15th September. Thanks to the astute manoeuvres of the Pill, we are in Toronto, Canada (T’rono pour les intimes). What to say about this place? At first sight, a run of the mill North American city: monotonous, verging on the hostile. Such cities fare better when observed from afar, most of their energies focus on a skyline; once you get closer they pixelate like a low resolution digital photo and what seemed a dense, multi-layered world turns into flattened spaces: parking lots, motorway-sized roads, strip-malls. If you try to reach the core it will exhaust you in unrewarding marches through displays of neurotic corporate fun and staged ‘cultural diversity’, all contained by a ruthless grid that shrinks your perspective to a tunnel. We keep searching like a vanquished sailor in a labyrinth of fog.

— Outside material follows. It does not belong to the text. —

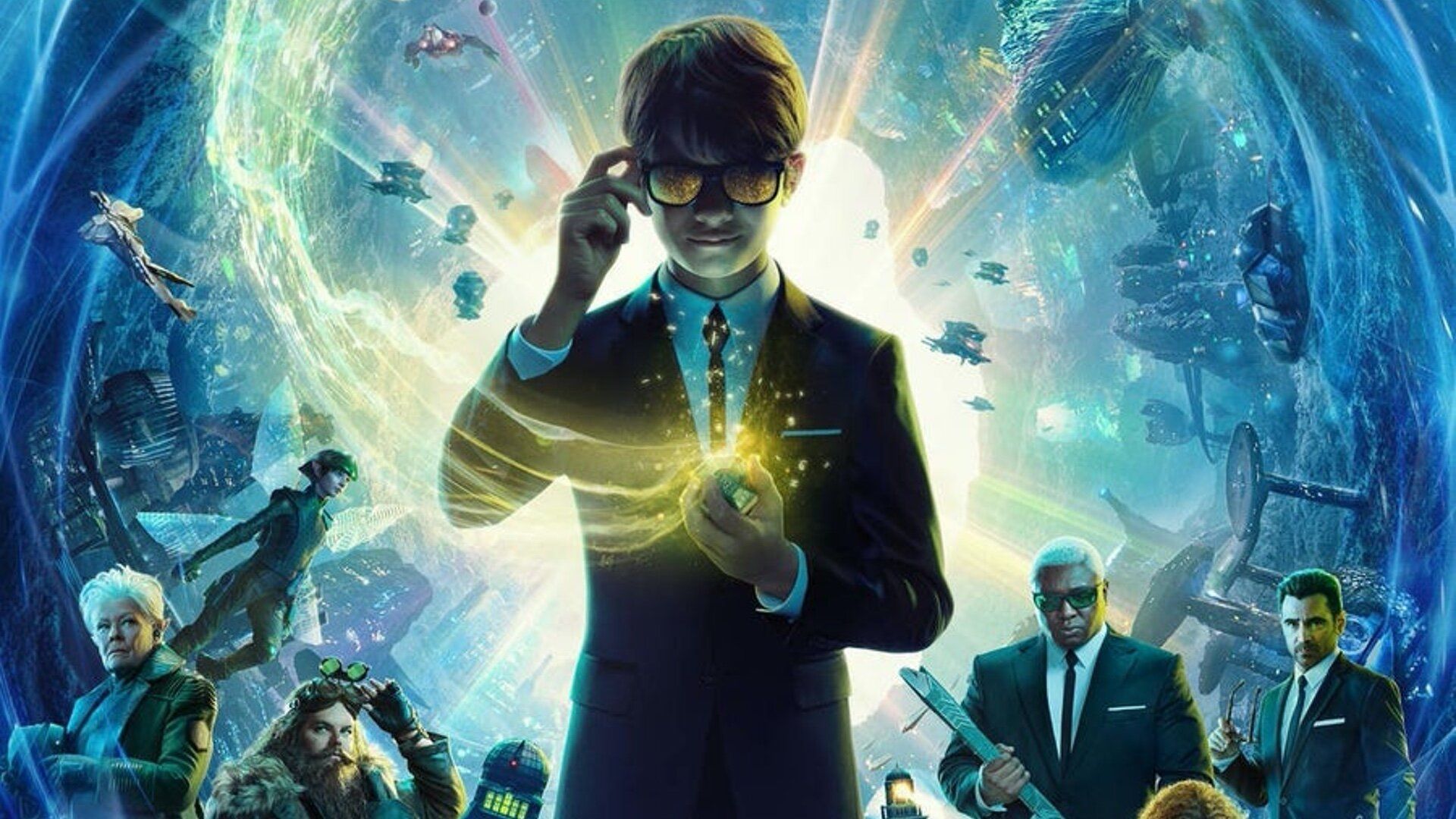 Disney Artemis Fowl Wallpapers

What sets T’rono apart though is the ambition to prove itself a “world class city”, leading to some hilariously pompous experiments. Horrible condos erupt all over the place like stubborn acne; the local architectural fashionistas seem to favour a cross between ''cheaply updated 1980s'' and ''props in sci-fi B-film" and crown their creations with names like "Couture", "Ice", "Prestige" or "Shangri-La", making the city looks like a mouth with several teeth knocked out and some fake-gold implants

Except for the back alleys, its most honest and attractive side and some intact shabby neighbourhoods still displaying what a French artist visiting the city called "Psycho houses".